▶ Assignment:
Work out how many lines of the listing hold "based" and return that number by itself.

▶ Supplied material:
= Beginning of Section =

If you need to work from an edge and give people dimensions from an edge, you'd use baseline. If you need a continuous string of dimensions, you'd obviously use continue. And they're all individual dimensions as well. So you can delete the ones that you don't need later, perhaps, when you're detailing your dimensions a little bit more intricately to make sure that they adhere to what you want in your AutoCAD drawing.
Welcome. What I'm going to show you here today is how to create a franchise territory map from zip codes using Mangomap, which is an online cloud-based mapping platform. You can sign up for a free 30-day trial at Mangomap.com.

= End of Section =
= Beginning of Section =

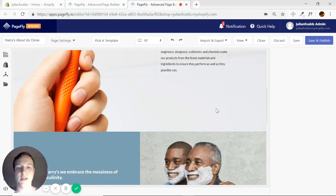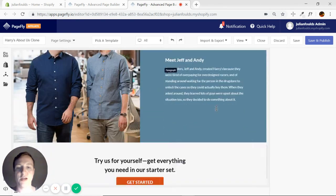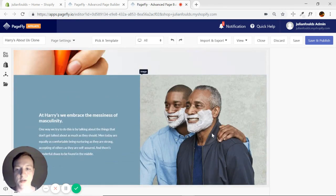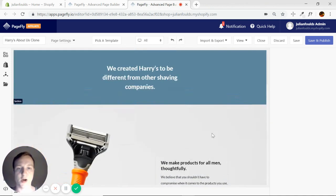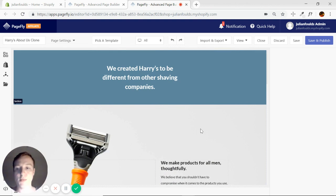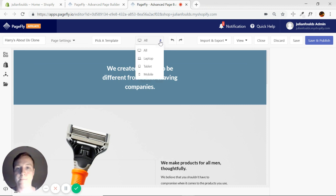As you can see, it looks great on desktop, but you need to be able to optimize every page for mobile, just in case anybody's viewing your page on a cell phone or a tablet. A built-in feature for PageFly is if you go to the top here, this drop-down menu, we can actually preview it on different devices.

= End of Section =
= Beginning of Section =

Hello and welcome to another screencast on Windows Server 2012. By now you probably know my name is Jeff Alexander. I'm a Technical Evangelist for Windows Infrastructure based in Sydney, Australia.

= End of Section =

▶ Task solution:
2